• **Task item**
Repeat the listing exactly. Pictures stay out of your copy.

• **Supplied information**
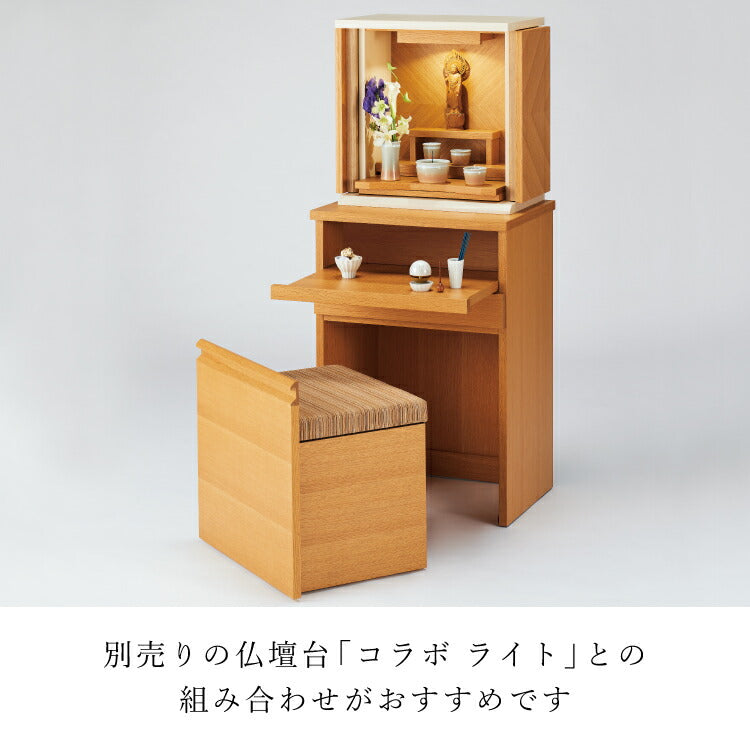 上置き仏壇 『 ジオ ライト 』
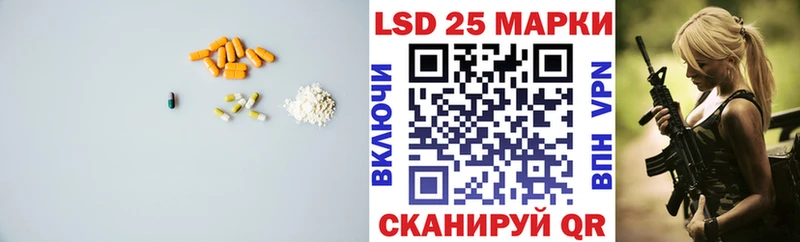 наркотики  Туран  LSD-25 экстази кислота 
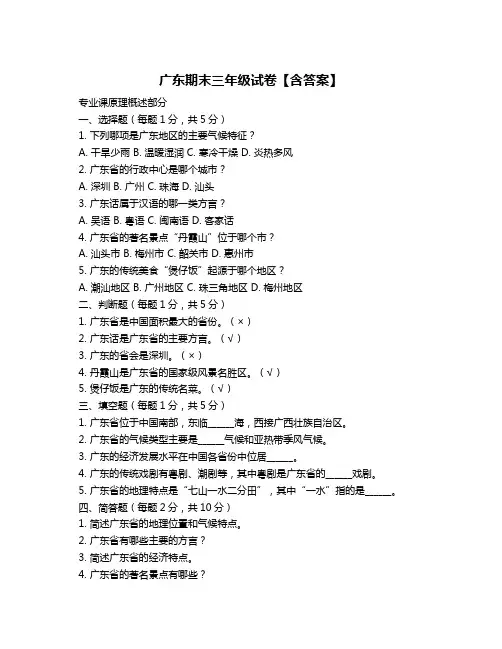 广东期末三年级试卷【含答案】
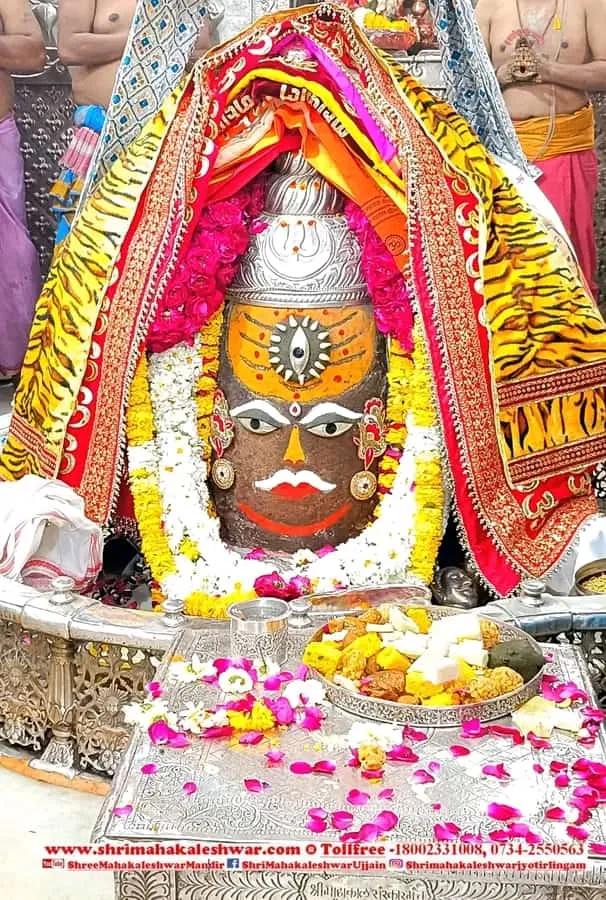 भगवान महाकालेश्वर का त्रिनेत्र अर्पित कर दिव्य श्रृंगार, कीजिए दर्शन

• **Written response**
 上置き仏壇 『 ジオ ライト 』
 наркотики  Туран  LSD-25 экстази кислота 
 广东期末三年级试卷【含答案】
 भगवान महाकालेश्वर का त्रिनेत्र अर्पित कर दिव्य श्रृंगार, कीजिए दर्शन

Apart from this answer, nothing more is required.